I quit my job today
When I made this account a week ago, this is not what I planned my first post to be about. I had grand humble designs on writing about some other topics I have in my head, but this is all of a sudden much more relevant, or at least immediate.
Until today, I worked at company that manufactured electronics. I liked the job when I started, I liked and still like the people I worked with. I will miss some of them. But for my physical and mental health, I had to leave.
Over the past month or two, my discontent with my job slowly grew. I felt that my department was under-supported. We were asked to do too much - with the resources and manpower we had - to meet often unrealistic delivery date targets set by a sales team on another continent. Sometimes we had to redo work that we had done because the instructions we were given were either incomplete or incorrect. Other times it was because parts that were manufactured by a different department failed.
Overall, this doesn’t seem so bad. But when you tie it into an ERP system that tracks hours worked on a task vs. expected hours, and then we are told that we aren’t efficient or productive enough (even though overages were often something beyond our control), I all of a sudden started feeling guilty for not living up to expectations, even though I was working my hardest and best.
On top of this, the job was more physically demanding that I had expected. I spent more time standing that I would have liked, and was often expected to move/lift objects up to 40 lbs by myself, and up to 60 lbs with help. Both of these aggravated existing physical injuries (knee, back and ankle), and I would often come home from work and have to apply heat or ice to one or more of these areas. We were told “safety first”, and while I felt this to be true in terms of keeping us safe from dangers such as large machinery or loud noise, I found it to be less true in the general routines of production, when I would often be on my own, unable to easily get help from other employees. Or even when I was with other employees, it was still easier/more efficient to do the lifting ourselves (and we were told that they were tracking our efficiency).
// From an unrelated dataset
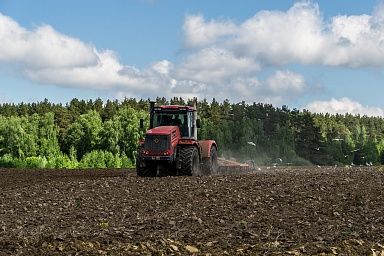 В Томской области завершили сев яровых зерновых и зернобобовых культур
My dislike of my job hit a high last week, when another instance of being given incomplete instructions occurred. We followed the given instructions, only to be told after assembly was completed that assembly was actually the last of 5 steps. And while it was never explicitly stated, it was definitely implied that “we should have known”. I spent most of my weekend wrestling with what to do, because I knew for sure that this job was no longer a good fit for me, mentally, physically and emotionally. And that emotional investment over the weekend meant that I wasn’t getting the rest over the weekend that I need to be able to go back to a week of work.
I arrived at work yesterday morning with the strong inkling that it would probably be my last day. I got to work to find out what the correct instructions were for the items in question (which meant, yes, undo a bunch of work, and do some work that totally wasn’t in my job description, but I happen to have the skills for). I went through the day, seeing if I could make it through, and realized by the end of my shift that I was done. At the end of my day, I quietly cleaned out my locker and grabbed a few other belongings I had brought to work.
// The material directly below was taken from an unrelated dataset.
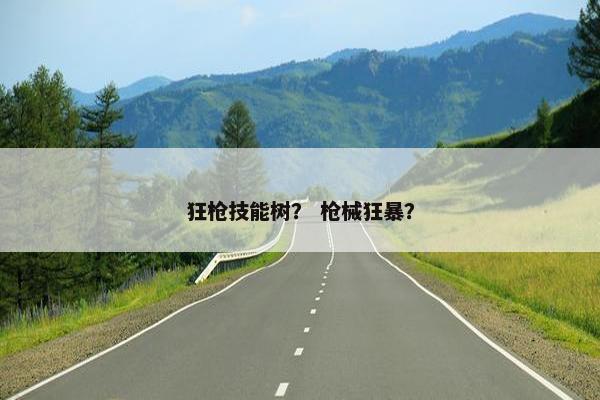 狂枪技能树？ 枪械狂暴？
This morning, I called my supervisor and said, “I won’t be in today, or any day in the future. I am resigning, because I am done.” My supervisor suggested I stay on at the company, and could swap departments or to what is called “light work”, saying “I don’t want to lose you, you are my best team member.” While that shows my work habits were noticed, what does that say about how hard I worked compared to the other people on my team?
But I can’t stay. After the phone call, I sent a resignation letter outlining more concretely what I have described above, and why I decided I needed to leave.
I am going to feel bad for a while that I left my immediate coworkers in the lurch. They are in the same boat as I was, having to deal with the issues I have outlined. But I do not feel bad for leaving the company, because I was giving more than I was getting back, and no company is worth the level of exhaustion and shame I felt over the last few weeks and months. And overall, I feel as if a weight has been lifted off my shoulders.
(A note: I am in the position that I could choose to just leave my job. I know a lot of people aren’t in that position, and I wasn’t always here. Do not feel bad for having to stick out jobs you don’t like. Also, I am not saying that the company I worked for was awful. There were a lot of good things about working there, and most of my coworkers were happy. I just wasn’t happy any more, and couldn’t continue to pretend to be so.)